I have been thinking a lot about failure recently. As vicar in a new parish, you are forever getting things slightly wrong, and forgetting how things work. More than that, there is a desire to do good, to build the church, to serve God faithfully. You want to do well; you don’t want to fail.
It seems that in the church, too often, we are averse to failure. We don’t think we can, or should, fail as Christians. Failure is not talked about, or even tolerated. Everything should be a success and encouraging if it is to be discussed within the church, it would appear.
But I think it’s okay to fail.

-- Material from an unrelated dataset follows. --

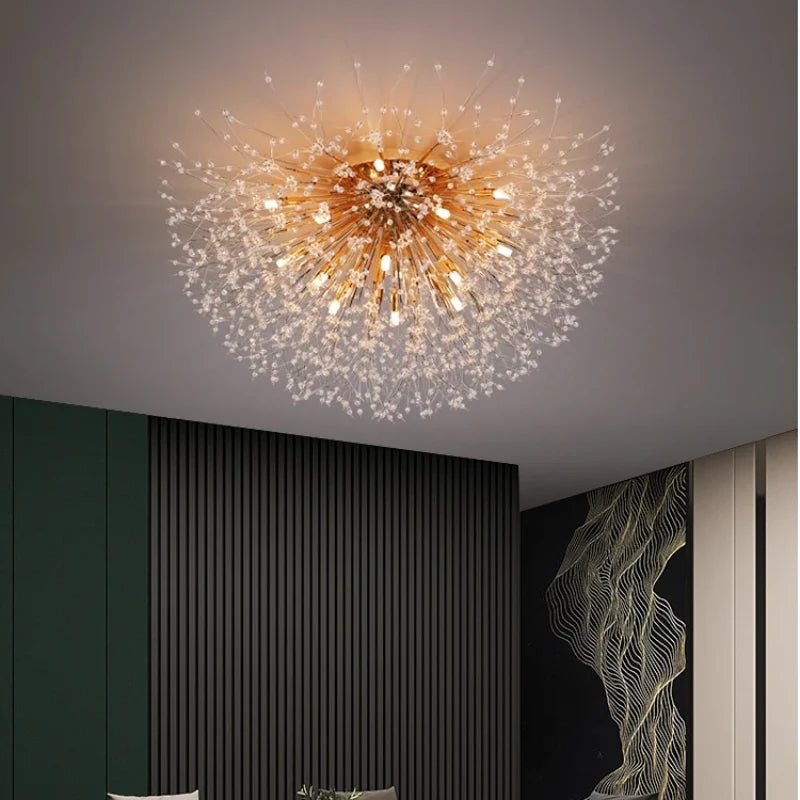 Afralia™ Golden Dandelion Crystal Chandelier: Warm Nordic LED Ceiling Lamp for Romantic Living Room.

First of all, because being a failure, and recognising yourself as such, is the first step in the Christian life. It is precisely because we cannot save ourselves, and we fail if we try, that Jesus had to come and die. Human beings are failures as followers of Christ. As Paul tells the Romans, “there is no one who does good, not even one.” We are failures, each and every one of us. It’s not fun or pleasant to say, but it’s true.
Yet, despite our failure to follow and honour God, he welcomes us to himself in Jesus Christ. God knows we are failures and makes us family nonetheless. Grace takes failures like you and I and turns us into holy people, precious and chosen in God’s sight.
That’s why it’s okay to fail. Because our standing and status before Almighty God does not depend on our success, and is not threatened by our failure. If we fail, as we will, it does not turn God against us or remove Jesus’ saving work. We can admit to failing because failing does not change our identity.
Now, as we embrace failure, we shouldn’t aim for it. We want to do things well for the glory of God, and we want our endeavours to be a success. We certainly don’t want to legitimise or celebrate moral failure. Where we have failed to honour God or obey his commands, we ought to come to him in repentance and ask for forgiveness. That is crucial. But embracing failure means we can do this and we know we will find that forgiveness in Christ. Failure finds forgiveness in Jesus.
For this reason, we ought to be a church that embraces failure. That will mean we can also be a church that embraces risk too. Because you will never take risks if you can never take failure. But a church that embraces failure and learns from it, will also be a church that takes risks and goes all out for God’s mission. Because it is a mission that does not depend on our success (thank God!) and it is a mission that is never sunk by our failures.